# Roman history, made limerick



## Olly Buckle (Aug 23, 2010)

*Of plague poor Strabo lay dying*
*An end to his cheating and lying*
*But heavenly fire*
*Made his tent a pyre*
*Strabo’s plague was cured by frying.*

*On the sands swords put paid to Pompey*
*Making young Caesar quite grumpy*
*He took Cleo’s side*
*Tanned Ptolemey’s hide*
*And took her off for some rumpy-pumpy*

*Sulla marched into the forum*
*Established a personal Quorum*
*But in his hour*
*Gave up his power*
*Died in peace and was burnt with decorum*

*The Samanite screams reached Bellona*
*Where the senate met with their new owner*
*The message was clear*
*All men must fear*
*A republic restored by this doner*

*Marius was seven times consul*
*A general his villa was martial*
*Built to his stamp*
*Laid out like a camp*
*In proportion exceeding palatial*

*Cicero was an orator*
*A peacock, a poseur, a prater*
*But undid his coat*
*And laid bare his throat*
*When assassins caught up with him later*


----------



## Gumby (Aug 23, 2010)

Bravo Olly!

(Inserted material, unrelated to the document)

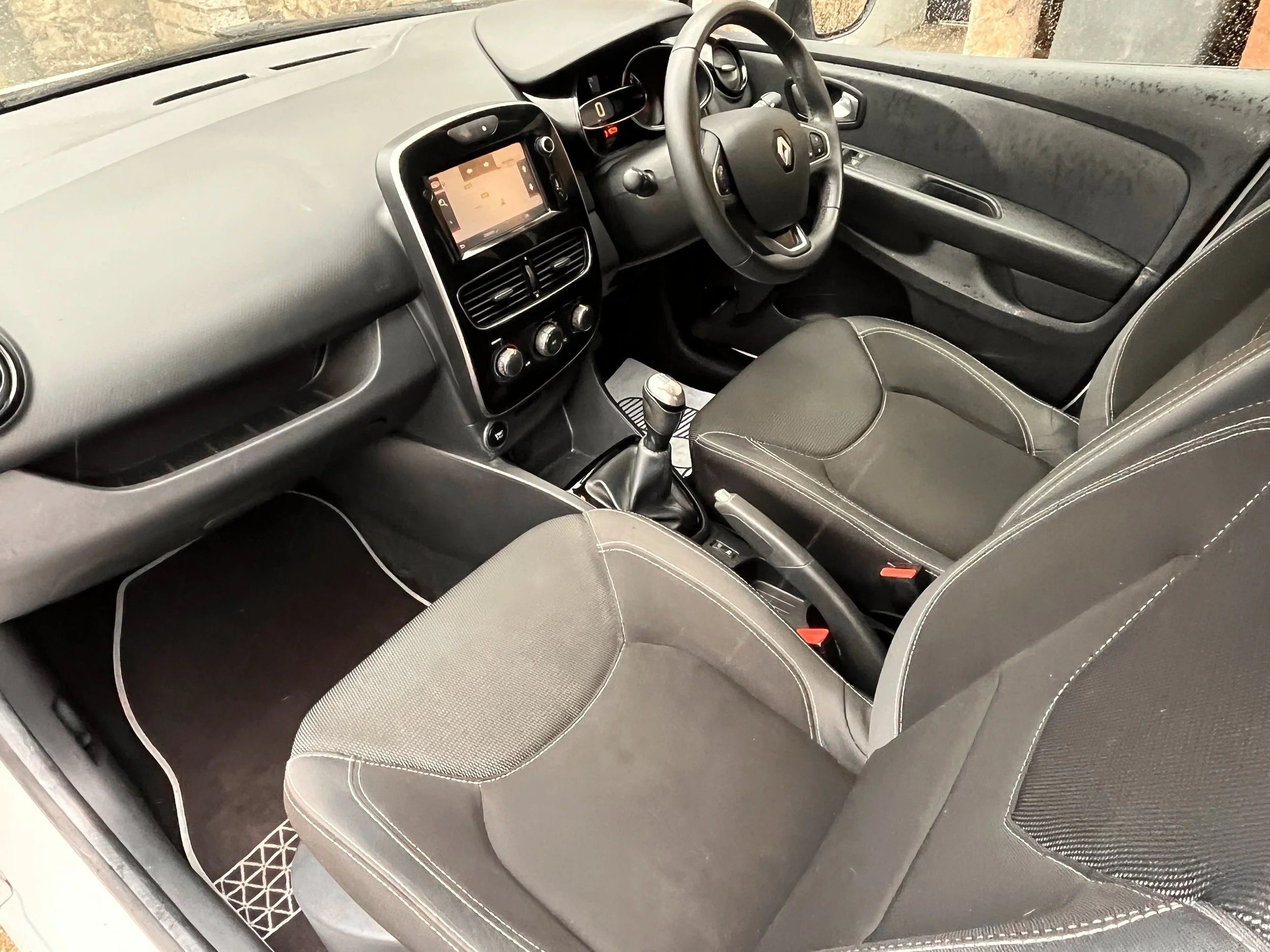 Interior of a Renault car showing dashboard, steering wheel, gear shift, and front seats.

Those are wonderful.  And together they make quite a History lesson.


----------



## The Backward OX (Aug 23, 2010)

*Schoolboy memories*

Julius Caesar did a beezer 
Off the coast of France
His father tried to do the same 
And did it in his pants.


----------



## Olly Buckle (Aug 23, 2010)

What are you doing in poetry? You are following me aren't you? no use whistling and jiggling your hands in your pockets. Historically inaccurate, and no content disclaimer* there either, not that they are allowed on posts. In my day it was,

Julius Caesar, Roman geezer
Kept his wife in a lemon squeezer

Not the faintest idea why, other than you could chant it.

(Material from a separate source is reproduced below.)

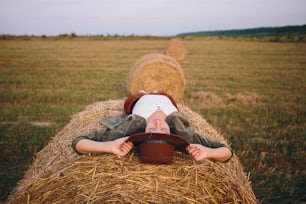 Beautiful carefree woman in hat lying on haystack enjoying evening in summer field. Young happy female relaxing on hay bale in countryside. Atmospheric tranquil moment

*The content of Dad's pants


----------



## Gumby (Aug 23, 2010)

I know I'm going to be sorry I asked, but what is a beezer? All I can find is prize fighter's slang for nose.


----------



## SilverMoon (Aug 23, 2010)

:wink: Loved the limerick, Olly. Now, is this a British saying? "rumpy-pumpy"? Absolutely charming! If I'm guessing correctly there certainly is allot of that going around, accounting for population increase. 

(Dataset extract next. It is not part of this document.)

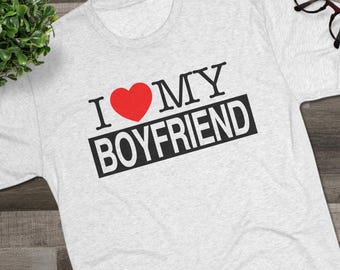 May include: A light gray heathered t-shirt featuring the black text I MY and a red heart symbol, with the word BOYFRIEND printed in white inside a black rectangular block. The shirt has short sleeves and a crew neckline, presented in a flat lay.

I especially liked the last stanza, the most important part of a poem. And the alliteration ran real smoothly! 



> *Cicero was an orator*
> *A peacock, a poseur, a prater*


 
A great piece! 


And, Ox, I'm curious, too. What is a "beezer"? Did you misspell "geezer"? :wink:

Julius Caesar did a geezer? 

I say no more!


----------



## Fox80 (Aug 23, 2010)

That's pretty clever, Olly! Good job!


----------



## TheGreySentinel (Aug 23, 2010)

That has to be one of the best sums of the Roman empire I've ever read, LOL! Thumbs up on that one, it's great.


----------



## Olly Buckle (Aug 23, 2010)

I had not seen them as stanzas Silver Moon, only as a group of related limericks, perhaps I should arrange them in some sort of chronological order, here is another,

*The Caesar they named Augustus*
*Performed deeds noble and lustrous*
*He started Octavian*
*But Gaius was avian*
*And united the bumptious and fractious*


----------



## RecoverylessRecovery (Aug 23, 2010)

Elegantly smooth Olly! And so educational, we should all be getting extra college credits simply for reading it. 

We want MORE mate!


----------



## RecoverylessRecovery (Aug 23, 2010)

Gumby said:


> I know I'm going to be sorry I asked, but what is a beezer? All I can find is prize fighter's slang for nose.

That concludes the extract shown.